女の噂なんてほっとけば、目を見張るスピードでしかも輪をかけたようなすごいやつが情報網を駆け巡っていくのだ。いまごろは皆本と俺が海の見える綺麗なレストランで指輪を交換し合って来世までの愛を誓い合ったことになっててもおかしくない。
「まあ、人の噂も七十五日っていうじゃん? 七十五日間はがまんするしかねぇだろ。特に害もなさそうな噂だし。てか、まだ噂になってるとも限らないしな。ちょっと飛躍しすぎてて笑い話で終わるだろ」
「賢木さんはそれで大丈夫なんですか?」
 不安そうに口を開いた皆本の言葉の意味を図りかねて首を傾げる。すると、重々しいため息を吐き出し手を組んだ皆本が申し訳なさそうに唇を噛んだ。
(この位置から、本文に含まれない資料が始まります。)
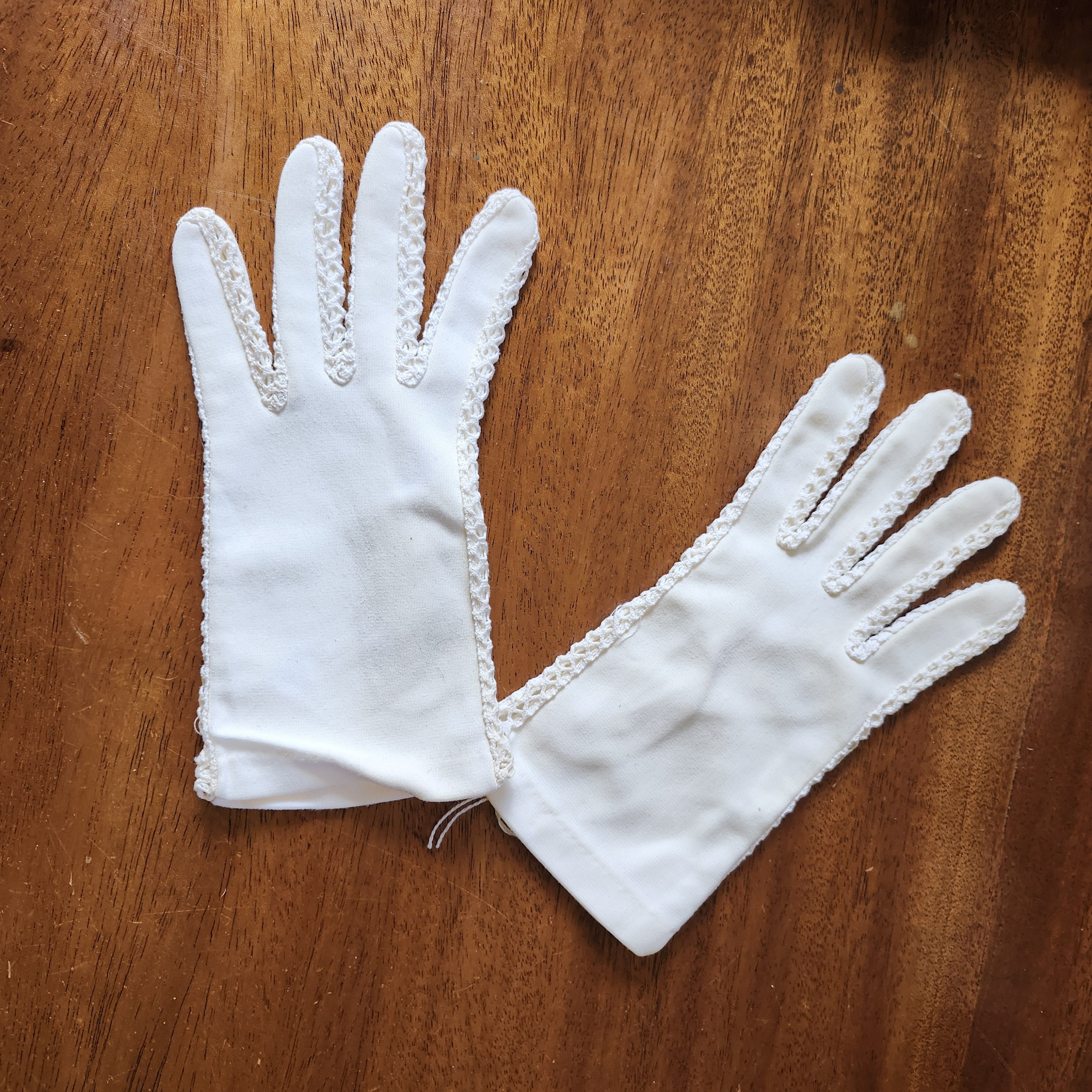 Other Vintage Cream White Short Gloves Crochet Trim Womens Formal Size ONE SIZE - 8 Thumbnail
「僕なんかと噂になって、困らないんですかっていうことです。いまお付き合いしている方とかと不穏なことになったりとか」
「ああ、別にいまは特定のこと付き合ったりしてないし、気にすんな。別におまえとなら嫌じゃねぇよ」
「嫌とかいいとかそういう問題じゃないですよ」
 事態を重くとらえすぎて眉間に寄った皺を人差し指でぐりぐりとおしてやると、情けなく下がった眉に笑ってしまう。そんな顔しなくてもいいのに。俺のことなんかで気を揉む必要なんてないのに。もうあることないこと言いふらされるのなんていまさらで、それが当然の状態なのだ。悪意しか感じない、嫉妬や恐怖を正当化したような噂の数々を思えば、皆本と仲良くお付き合いしているなんて踊り出したいくらいに陽気な話じゃないか。
「なんならいっそ本当にしてやるか」
 それもそれで愉快だろうなと思いながら軽い気持ちで皆本の肩を抱いて耳元で囁いてやると、驚きに肩が揺れて鳶色の瞳が零れ落ちそうなくらいまん丸になる。そして、地平線に沈んでいく直前の夕日のように顔全体が赤く染まった。想像を裏切らない反応に、楽しくてしょうがなくて、そのまま掠めるようにこめかみに唇を落としてぎゅうぎゅうと抱き締める。返ってきたのは困惑したように俺の名を呼ぶ皆本の声だった。


 誠に遺憾ではあるが、スーザンと愉快な仲間達にこの場を目撃されており、噂は七十五日を越える長期戦にもつれ込むことになった。まあ、いちいち赤くなったり青くなったりしている皆本を見るのはそれはそれで楽しかったりもしたのでよしとすることにする。更に言うと、いっそあのとき噂どおりの関係になっときゃよかったと後悔する日がきたりもするのだから、人生何があるかわからないものだ。本当に。